Executive summary
* As late as March 11th, 2020, the UK government and medical officers issued practical and minimally disruptive advice to combat the spread of the novel coronavirus.
* On March 16th, the now infamous Neil Ferguson/Imperial College paper was published predicting over 500,000 deaths in the UK and 2.2 million in the US if suppression measures were not introduced.
* Stricter measures were announced on the day that paper was published, and the first UK lockdown was announced a week later, on March 23rd. US states variously followed suit.
* The committee that has been advising the government throughout this period is called the Scientific Advisory Group for Emergencies (SAGE).
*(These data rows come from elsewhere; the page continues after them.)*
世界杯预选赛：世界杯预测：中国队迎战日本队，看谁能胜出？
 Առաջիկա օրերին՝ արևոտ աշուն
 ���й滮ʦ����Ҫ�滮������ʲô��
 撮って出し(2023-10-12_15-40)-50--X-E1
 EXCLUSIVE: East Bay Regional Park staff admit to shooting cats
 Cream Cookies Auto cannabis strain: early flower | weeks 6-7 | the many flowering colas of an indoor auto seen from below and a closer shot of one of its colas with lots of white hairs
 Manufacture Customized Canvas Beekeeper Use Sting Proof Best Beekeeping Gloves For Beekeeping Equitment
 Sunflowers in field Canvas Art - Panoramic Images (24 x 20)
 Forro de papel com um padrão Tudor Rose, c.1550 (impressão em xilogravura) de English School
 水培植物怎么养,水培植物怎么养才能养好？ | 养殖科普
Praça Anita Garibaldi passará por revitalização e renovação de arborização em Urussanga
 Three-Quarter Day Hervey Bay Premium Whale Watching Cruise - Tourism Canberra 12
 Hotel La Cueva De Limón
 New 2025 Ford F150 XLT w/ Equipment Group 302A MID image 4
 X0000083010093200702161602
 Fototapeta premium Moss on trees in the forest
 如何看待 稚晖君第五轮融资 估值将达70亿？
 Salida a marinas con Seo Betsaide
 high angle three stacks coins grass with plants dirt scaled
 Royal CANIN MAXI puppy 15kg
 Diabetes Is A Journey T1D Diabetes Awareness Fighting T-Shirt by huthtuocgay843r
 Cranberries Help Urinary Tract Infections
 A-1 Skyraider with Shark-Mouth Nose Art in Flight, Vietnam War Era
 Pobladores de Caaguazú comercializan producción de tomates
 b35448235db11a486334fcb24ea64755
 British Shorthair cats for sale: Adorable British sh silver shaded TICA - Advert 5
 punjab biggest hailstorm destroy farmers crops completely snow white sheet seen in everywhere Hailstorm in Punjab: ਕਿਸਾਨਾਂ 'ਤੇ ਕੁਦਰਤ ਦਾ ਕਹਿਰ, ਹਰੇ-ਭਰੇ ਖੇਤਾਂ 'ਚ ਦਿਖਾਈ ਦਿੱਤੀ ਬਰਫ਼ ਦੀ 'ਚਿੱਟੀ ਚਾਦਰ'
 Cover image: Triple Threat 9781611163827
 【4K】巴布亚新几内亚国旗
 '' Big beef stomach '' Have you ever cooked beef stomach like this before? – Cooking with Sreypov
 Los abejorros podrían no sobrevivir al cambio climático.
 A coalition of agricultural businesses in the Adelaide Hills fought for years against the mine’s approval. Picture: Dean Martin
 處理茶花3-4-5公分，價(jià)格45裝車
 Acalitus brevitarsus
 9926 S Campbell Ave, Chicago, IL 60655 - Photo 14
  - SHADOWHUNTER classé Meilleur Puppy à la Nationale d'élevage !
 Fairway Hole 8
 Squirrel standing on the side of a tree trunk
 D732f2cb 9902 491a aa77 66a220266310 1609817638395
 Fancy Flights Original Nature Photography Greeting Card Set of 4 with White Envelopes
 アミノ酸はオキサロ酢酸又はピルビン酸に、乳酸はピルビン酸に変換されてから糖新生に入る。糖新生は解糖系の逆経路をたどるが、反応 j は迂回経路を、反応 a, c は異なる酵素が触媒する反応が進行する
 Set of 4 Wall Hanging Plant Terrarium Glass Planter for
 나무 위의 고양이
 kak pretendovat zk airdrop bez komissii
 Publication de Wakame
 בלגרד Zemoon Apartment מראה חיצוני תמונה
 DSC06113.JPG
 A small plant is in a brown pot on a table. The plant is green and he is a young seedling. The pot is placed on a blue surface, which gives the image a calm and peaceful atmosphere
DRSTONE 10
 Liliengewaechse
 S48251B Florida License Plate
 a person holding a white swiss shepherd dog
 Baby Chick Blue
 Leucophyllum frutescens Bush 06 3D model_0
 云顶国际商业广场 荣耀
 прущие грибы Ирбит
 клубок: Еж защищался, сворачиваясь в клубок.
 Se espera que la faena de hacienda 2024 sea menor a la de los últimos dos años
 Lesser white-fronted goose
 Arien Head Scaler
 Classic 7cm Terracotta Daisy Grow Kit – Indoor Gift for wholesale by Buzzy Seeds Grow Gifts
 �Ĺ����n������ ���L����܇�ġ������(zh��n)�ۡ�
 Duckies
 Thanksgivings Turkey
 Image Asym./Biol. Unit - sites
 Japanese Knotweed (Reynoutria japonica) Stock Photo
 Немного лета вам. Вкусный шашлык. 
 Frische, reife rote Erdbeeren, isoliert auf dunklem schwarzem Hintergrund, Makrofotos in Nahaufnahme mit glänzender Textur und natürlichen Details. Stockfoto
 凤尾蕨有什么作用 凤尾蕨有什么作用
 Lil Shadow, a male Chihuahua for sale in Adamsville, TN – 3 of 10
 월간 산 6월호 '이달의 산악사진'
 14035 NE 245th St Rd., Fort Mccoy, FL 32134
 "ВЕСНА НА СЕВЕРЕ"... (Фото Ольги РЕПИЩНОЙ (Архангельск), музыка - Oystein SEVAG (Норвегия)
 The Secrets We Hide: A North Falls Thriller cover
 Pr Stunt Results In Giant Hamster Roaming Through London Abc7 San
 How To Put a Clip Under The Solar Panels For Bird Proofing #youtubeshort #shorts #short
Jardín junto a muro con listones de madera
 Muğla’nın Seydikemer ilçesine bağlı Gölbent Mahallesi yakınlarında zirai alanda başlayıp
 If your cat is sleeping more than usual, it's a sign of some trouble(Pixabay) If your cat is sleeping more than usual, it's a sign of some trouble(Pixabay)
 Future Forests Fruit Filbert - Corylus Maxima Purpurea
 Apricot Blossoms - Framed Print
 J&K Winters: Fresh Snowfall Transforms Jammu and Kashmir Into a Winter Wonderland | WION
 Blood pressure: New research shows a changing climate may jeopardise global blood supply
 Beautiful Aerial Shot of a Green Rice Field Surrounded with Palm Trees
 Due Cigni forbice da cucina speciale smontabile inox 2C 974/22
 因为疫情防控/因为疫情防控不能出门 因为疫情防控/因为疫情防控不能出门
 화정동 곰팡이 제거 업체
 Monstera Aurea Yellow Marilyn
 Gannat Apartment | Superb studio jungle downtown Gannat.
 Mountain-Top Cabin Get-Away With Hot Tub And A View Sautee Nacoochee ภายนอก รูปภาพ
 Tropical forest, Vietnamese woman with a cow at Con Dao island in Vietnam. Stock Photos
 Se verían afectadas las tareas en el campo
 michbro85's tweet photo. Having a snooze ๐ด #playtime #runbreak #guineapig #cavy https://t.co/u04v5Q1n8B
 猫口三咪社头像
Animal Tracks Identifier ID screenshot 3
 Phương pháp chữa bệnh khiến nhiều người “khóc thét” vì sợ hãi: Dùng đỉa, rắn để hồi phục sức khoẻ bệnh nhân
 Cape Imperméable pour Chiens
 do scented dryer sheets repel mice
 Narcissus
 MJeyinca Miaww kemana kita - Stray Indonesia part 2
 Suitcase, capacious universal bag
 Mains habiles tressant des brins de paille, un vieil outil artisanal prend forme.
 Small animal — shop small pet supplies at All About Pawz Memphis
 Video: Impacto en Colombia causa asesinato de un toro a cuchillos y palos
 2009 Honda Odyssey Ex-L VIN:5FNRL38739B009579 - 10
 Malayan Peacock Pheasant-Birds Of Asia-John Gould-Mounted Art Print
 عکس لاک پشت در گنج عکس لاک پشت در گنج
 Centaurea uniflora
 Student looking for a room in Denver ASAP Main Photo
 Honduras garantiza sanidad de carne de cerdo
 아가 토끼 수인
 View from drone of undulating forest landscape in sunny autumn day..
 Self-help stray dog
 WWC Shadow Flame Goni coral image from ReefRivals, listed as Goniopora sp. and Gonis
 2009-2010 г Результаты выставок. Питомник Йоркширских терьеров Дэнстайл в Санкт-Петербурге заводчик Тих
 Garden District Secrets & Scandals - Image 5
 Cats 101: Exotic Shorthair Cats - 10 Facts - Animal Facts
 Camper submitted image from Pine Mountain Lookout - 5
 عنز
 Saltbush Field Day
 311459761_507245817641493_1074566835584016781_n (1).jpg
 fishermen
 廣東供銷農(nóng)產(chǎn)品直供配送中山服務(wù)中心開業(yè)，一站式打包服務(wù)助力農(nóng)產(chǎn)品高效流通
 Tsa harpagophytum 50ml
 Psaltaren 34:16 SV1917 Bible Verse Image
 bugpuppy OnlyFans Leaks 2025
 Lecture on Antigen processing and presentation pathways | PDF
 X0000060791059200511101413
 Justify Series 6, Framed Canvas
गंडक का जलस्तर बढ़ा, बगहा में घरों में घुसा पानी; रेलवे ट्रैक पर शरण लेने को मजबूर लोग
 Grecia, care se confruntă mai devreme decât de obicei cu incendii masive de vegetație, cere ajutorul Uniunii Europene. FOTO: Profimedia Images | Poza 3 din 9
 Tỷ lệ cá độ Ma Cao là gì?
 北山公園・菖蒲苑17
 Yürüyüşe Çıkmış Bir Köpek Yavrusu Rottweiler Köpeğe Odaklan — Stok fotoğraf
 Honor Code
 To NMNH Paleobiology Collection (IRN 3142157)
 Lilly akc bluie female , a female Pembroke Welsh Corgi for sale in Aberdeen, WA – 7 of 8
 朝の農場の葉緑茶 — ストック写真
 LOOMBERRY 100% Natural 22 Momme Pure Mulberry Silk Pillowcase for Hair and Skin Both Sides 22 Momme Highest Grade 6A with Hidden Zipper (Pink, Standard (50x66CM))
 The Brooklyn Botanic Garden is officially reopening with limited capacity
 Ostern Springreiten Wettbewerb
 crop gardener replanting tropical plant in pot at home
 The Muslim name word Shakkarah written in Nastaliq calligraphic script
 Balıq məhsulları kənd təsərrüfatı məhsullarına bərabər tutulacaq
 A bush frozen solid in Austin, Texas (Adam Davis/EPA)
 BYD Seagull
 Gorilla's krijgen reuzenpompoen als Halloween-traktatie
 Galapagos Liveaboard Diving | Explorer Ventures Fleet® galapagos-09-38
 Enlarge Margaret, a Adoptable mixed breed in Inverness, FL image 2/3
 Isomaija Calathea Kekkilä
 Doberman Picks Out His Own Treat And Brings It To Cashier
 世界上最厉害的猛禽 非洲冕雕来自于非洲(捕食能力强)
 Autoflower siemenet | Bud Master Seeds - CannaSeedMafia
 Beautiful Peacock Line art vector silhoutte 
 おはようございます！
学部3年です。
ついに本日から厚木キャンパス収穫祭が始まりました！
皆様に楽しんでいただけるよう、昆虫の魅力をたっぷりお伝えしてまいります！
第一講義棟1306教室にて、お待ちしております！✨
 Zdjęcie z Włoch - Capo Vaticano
Ferguson was a member of this committee until he resigned in May for having broken lockdown rules.
* This week’s note examines the key influencers on SAGE and their conflicts of interest:
– Organisations invested in vaccines make money from vaccines. People who acquire natural immunity have less/no need for a vaccine. If people are locked in their homes, they have less chance of acquiring natural immunity.
– Twelve out of 20 key influencers work for/have received funding from organisations involved in the Covid-19 vaccine.
– There are four times more modellers/statisticians and experts in behaviour manipulation on the committee than there are virologists. There are no immunologists.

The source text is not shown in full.